** Goal of the exercise **
Among the entries below, find the line with "7 TULIPA HERMITAGE", then quote it and each following line up to and including the line with "ПОСАДКА ТОМАТОВ! Что", and nothing else.

[[ Data for processing, beginning ]]

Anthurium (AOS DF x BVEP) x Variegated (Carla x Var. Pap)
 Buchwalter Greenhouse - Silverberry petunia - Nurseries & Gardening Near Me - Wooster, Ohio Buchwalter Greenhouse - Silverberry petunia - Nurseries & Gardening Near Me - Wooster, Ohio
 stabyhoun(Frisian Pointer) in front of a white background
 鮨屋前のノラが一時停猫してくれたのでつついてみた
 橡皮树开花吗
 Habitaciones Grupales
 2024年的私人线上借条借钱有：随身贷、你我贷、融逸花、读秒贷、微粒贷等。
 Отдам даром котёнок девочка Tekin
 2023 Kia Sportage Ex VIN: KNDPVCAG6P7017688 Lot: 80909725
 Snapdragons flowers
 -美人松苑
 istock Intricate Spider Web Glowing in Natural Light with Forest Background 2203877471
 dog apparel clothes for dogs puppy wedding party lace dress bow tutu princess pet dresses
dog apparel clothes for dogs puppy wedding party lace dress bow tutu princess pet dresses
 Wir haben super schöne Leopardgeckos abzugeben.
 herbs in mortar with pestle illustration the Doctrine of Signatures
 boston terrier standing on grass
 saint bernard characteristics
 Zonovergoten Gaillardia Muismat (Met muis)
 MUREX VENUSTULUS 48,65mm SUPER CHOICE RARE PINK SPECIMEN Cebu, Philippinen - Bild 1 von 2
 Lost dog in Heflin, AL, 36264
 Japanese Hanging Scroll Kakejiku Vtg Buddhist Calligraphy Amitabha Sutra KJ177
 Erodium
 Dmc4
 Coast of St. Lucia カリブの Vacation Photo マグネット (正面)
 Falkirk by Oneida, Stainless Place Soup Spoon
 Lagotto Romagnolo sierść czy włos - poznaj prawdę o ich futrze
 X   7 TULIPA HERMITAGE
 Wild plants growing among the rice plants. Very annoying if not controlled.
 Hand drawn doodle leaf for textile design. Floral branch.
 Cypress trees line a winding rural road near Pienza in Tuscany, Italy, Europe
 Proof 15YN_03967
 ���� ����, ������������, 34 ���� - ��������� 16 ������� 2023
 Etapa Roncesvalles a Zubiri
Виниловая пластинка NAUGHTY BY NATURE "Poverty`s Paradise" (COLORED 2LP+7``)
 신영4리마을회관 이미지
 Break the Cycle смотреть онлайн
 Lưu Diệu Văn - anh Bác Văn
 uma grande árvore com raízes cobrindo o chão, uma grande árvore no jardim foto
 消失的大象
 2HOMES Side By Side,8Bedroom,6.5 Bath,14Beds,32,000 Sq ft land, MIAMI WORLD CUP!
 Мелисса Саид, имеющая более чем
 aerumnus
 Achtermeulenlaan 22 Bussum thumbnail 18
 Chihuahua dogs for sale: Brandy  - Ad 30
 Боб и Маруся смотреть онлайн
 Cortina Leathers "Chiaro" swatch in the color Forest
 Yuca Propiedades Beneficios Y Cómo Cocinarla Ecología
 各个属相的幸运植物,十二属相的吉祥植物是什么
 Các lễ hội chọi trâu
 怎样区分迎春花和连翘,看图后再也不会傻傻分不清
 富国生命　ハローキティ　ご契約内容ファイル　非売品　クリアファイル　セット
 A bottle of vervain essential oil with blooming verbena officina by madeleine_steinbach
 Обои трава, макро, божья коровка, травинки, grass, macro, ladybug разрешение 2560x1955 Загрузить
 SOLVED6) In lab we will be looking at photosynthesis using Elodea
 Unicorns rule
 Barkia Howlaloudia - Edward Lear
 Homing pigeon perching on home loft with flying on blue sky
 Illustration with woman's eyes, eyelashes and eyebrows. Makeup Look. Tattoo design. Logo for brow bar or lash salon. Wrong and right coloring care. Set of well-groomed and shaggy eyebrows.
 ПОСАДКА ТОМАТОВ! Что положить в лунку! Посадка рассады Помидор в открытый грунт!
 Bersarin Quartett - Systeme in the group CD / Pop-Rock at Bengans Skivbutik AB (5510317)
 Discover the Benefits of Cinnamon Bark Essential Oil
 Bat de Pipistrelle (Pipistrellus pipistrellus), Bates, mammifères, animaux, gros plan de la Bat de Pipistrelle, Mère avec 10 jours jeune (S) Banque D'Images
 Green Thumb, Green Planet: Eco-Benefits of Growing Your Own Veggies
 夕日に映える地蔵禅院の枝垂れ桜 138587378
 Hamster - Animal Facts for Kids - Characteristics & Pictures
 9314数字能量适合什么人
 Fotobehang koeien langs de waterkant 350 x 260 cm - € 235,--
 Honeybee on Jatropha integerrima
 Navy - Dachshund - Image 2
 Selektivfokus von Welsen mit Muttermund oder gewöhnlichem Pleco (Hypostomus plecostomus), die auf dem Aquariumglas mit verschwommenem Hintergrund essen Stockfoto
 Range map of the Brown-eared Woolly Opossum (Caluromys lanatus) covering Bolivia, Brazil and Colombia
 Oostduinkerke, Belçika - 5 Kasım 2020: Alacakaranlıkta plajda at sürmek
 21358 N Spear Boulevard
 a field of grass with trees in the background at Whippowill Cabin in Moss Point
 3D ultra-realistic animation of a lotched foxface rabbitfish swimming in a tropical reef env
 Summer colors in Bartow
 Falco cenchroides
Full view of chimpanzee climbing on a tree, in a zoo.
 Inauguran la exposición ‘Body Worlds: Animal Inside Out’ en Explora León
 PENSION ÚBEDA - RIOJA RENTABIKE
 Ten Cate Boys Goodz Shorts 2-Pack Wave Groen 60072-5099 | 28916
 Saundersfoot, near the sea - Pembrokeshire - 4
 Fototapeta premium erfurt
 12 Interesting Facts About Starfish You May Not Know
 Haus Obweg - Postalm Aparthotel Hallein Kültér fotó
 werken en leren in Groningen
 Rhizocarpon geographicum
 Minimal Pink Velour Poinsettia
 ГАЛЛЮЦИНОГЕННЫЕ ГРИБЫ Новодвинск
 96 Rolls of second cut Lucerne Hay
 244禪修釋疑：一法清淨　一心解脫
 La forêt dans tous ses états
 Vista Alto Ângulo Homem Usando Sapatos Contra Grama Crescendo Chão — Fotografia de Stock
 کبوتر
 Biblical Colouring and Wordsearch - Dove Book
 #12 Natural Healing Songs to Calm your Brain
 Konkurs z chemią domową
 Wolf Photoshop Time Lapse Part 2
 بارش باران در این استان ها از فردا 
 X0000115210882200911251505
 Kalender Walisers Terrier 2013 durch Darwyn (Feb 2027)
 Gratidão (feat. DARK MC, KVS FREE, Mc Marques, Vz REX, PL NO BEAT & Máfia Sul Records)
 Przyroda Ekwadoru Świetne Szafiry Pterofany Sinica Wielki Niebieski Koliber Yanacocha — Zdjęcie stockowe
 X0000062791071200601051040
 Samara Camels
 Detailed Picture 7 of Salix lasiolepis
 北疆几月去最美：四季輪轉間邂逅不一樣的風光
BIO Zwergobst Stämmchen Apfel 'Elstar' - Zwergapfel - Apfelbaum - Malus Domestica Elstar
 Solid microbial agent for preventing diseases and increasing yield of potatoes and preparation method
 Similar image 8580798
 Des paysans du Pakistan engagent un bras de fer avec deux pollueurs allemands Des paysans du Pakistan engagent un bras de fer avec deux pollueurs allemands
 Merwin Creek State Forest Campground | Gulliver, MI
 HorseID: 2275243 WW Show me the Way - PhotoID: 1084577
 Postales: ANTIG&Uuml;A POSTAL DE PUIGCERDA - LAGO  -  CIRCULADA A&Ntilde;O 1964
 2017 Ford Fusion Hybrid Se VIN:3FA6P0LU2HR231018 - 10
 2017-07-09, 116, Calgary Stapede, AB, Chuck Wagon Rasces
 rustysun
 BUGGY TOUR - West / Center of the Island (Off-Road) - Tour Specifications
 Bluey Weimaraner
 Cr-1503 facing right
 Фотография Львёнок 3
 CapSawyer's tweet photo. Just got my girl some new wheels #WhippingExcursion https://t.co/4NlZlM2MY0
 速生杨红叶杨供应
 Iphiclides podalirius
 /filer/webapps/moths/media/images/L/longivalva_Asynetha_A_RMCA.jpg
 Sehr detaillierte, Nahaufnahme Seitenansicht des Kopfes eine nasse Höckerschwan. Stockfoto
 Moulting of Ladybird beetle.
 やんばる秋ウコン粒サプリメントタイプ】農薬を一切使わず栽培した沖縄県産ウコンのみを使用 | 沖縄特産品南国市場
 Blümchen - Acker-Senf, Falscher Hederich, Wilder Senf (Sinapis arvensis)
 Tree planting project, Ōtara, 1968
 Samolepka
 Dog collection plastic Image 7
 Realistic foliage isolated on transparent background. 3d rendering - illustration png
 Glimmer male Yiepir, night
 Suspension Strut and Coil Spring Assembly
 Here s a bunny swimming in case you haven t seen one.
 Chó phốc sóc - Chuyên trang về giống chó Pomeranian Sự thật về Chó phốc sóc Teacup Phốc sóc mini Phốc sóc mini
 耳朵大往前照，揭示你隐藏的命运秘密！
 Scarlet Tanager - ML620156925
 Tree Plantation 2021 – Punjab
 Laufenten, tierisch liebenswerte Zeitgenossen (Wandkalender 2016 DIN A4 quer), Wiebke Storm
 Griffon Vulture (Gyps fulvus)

[[ Data for processing, end ]]

** Answer to the exercise **
 X   7 TULIPA HERMITAGE
 Wild plants growing among the rice plants. Very annoying if not controlled.
 Hand drawn doodle leaf for textile design. Floral branch.
 Cypress trees line a winding rural road near Pienza in Tuscany, Italy, Europe
 Proof 15YN_03967
 ���� ����, ������������, 34 ���� - ��������� 16 ������� 2023
 Etapa Roncesvalles a Zubiri
Виниловая пластинка NAUGHTY BY NATURE "Poverty`s Paradise" (COLORED 2LP+7``)
 신영4리마을회관 이미지
 Break the Cycle смотреть онлайн
 Lưu Diệu Văn - anh Bác Văn
 uma grande árvore com raízes cobrindo o chão, uma grande árvore no jardim foto
 消失的大象
 2HOMES Side By Side,8Bedroom,6.5 Bath,14Beds,32,000 Sq ft land, MIAMI WORLD CUP!
 Мелисса Саид, имеющая более чем
 aerumnus
 Achtermeulenlaan 22 Bussum thumbnail 18
 Chihuahua dogs for sale: Brandy  - Ad 30
 Боб и Маруся смотреть онлайн
 Cortina Leathers "Chiaro" swatch in the color Forest
 Yuca Propiedades Beneficios Y Cómo Cocinarla Ecología
 各个属相的幸运植物,十二属相的吉祥植物是什么
 Các lễ hội chọi trâu
 怎样区分迎春花和连翘,看图后再也不会傻傻分不清
 富国生命　ハローキティ　ご契約内容ファイル　非売品　クリアファイル　セット
 A bottle of vervain essential oil with blooming verbena officina by madeleine_steinbach
 Обои трава, макро, божья коровка, травинки, grass, macro, ladybug разрешение 2560x1955 Загрузить
 SOLVED6) In lab we will be looking at photosynthesis using Elodea
 Unicorns rule
 Barkia Howlaloudia - Edward Lear
 Homing pigeon perching on home loft with flying on blue sky
 Illustration with woman's eyes, eyelashes and eyebrows. Makeup Look. Tattoo design. Logo for brow bar or lash salon. Wrong and right coloring care. Set of well-groomed and shaggy eyebrows.
 ПОСАДКА ТОМАТОВ! Что положить в лунку! Посадка рассады Помидор в открытый грунт!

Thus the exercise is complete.